俺が少し不安げな顔をすると、サレナは首を横に振った。
「料金さえ払えば大丈夫ですよ。えっと確か、一人につき銅貨十枚だったはずです」
「そうか、よかった」
「私が以前のような格好をしてたら、怪しまれたかもしれませんけどね」
そういうとサレナは、着ているローブの端を掴んではにかんだ。奴隷の恰好のままではあまりにもということで、俺が与えたローブである。俺のお古なのでいろいろサイズが合わなかったりしていたが、サレナはこのローブをもらったことを馬鹿に喜んでいた。なんでも、こんな上等のローブはめったにないということだそうな。

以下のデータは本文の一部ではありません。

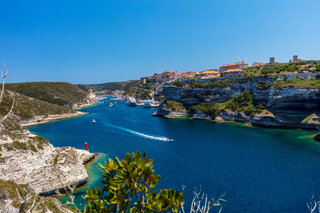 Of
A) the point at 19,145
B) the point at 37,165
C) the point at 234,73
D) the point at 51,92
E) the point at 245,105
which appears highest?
the point at 234,73

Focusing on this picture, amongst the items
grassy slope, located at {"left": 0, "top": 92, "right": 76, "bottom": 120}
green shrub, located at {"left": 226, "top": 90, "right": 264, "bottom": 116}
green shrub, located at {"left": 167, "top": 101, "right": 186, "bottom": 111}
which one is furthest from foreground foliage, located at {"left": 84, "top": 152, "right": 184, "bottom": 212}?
grassy slope, located at {"left": 0, "top": 92, "right": 76, "bottom": 120}

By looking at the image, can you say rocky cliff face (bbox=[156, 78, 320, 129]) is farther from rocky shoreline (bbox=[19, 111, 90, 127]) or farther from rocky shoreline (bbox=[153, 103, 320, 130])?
rocky shoreline (bbox=[19, 111, 90, 127])

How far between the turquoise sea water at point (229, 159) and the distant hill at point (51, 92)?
72.6m

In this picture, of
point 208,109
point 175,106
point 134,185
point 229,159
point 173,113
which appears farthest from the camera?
point 175,106

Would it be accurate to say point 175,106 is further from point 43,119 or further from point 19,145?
point 19,145

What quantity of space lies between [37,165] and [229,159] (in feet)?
102

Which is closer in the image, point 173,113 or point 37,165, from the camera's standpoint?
point 37,165

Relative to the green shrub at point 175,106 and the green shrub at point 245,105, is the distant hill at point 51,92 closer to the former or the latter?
the green shrub at point 175,106

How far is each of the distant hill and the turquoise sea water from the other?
238ft

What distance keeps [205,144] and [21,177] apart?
117ft

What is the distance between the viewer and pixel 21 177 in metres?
23.8

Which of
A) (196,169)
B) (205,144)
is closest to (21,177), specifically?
(196,169)

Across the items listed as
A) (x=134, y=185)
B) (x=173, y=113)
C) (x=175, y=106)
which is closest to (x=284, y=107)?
(x=173, y=113)

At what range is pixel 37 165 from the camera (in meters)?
25.9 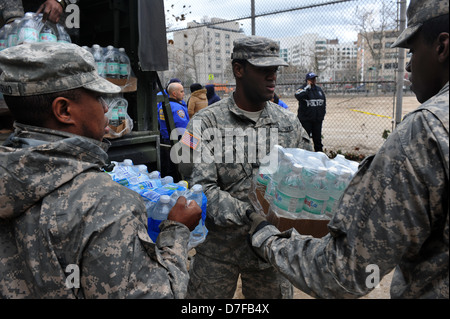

母さんにもらったものだったので価値についてはよくわかっていなかったが、結構すごいものだったのかもしれない。
俺はうれしそうなサレナにうんうんと頷いた。ここで前の人の手続きが終わり、門番が手招きをする。
「次の人どうぞ」
「はーい」
俺が歩み寄ると、門番の男は紙を片手に質問を始めた。質問といっても名前や年齢、出身地などとても簡単で形式的なものだ。そのため、俺は聞かれたことにすべて素直に答える。途中、出身地のあたりで門番の眉がピクッと動いたが、特に問題はなかったようで手続きはすぐに終わった。
サレナの方も特に何事もなかったようで、俺が手続きを終えるとすぐに彼女も手続きを終えた。俺は二人分の料金をまとめて支払うと、カードを二枚受け取る。
「これが滞在許可証となります。何か事件があった際に提出を求めることがありますので、絶対になくさないようにしてください。それでは、ようこそラグナシルへ」
◇ ◇ ◇
俺たちがラグナシルに入った時は、ちょうど昼時だった。冒険者が多いというだけあって食事処も多いのか、そこかしこから旨そうな匂いがしてくる。早めの朝食を食べてから何も口にしていなかった俺を、一気に空腹の波が襲ってきた。
「なあサレナ、どこかおいしいレストランとか知ってる?」
サレナは古都ラグナシルから少し離れた街、ランドエールの街で活動をしていた冒険者だそうだ。しかし、ラグナシルにはよく訪れていたそうで多少は土地勘があると言っていた。この町について全く何も知らない俺よりは、あてになるだろう。
「うーん……それなら『石楽亭』の酒場なんてどうでしょう? 宿屋の酒場なんですが、宿泊者以外にも食事を出してくれて凄く美味しいんですよ」
「へえ、結構よさそうなとこじゃないか。そこへ行くか」
こうして五分ほど丘を登ると、問題の石楽亭へ着いた。なんという建築様式なのかはわからないが、周囲の建物と比べてゴツゴツとした野性味のある建物である。観音開きの扉の上に掲げられた看板もまた、書道の達人が書いたような豪快な筆跡で書かれていた。
扉を開けると、そこは広々とした酒場になっていた。男たちが丸テーブルを囲み、昼間っから酒を飲んでいる。彼らの目の前には分厚い漫画肉のようなステーキがあって、旨そうな音を立てていた。これは……かなり期待できそうである。
「いらっしゃい! 宿泊かい、それとも食事かい?」
かなり背の高い丸椅子の上に腰掛けた老人が、何とも威勢のいい挨拶をしてくれた。人間とは違う種族なのか、俺たちの肩ぐらいの身長しかないがとても風格のある老人である。彼がこの酒場のマスター兼宿屋の主人なのだろう。
「食事を頼む」
「あいよ、じゃあこの中から注文してくれ」
親父はそういうと、薄い冊子を手渡してくれた。大ぶりな字で十数品のメニューが書かれている。
俺たちはその中でも「本日のおススメ!」と付箋の貼られたレッドファングのステーキというのを頼んだ。すると親父は目の前の鉄板で手早く肉を焼き、熱々のうちに俺たちに出してくれる。
「旨い! すげーやわらけえ!」
びっくりするほど柔らかくて旨い肉だった。肉の甘みが素晴らしくて、ジューシーな肉汁が口いっぱいに広がる。そのくせ全く脂っこくなくて、上質な赤身のようだった。前世で食べた和牛よりもうまいかもしれない。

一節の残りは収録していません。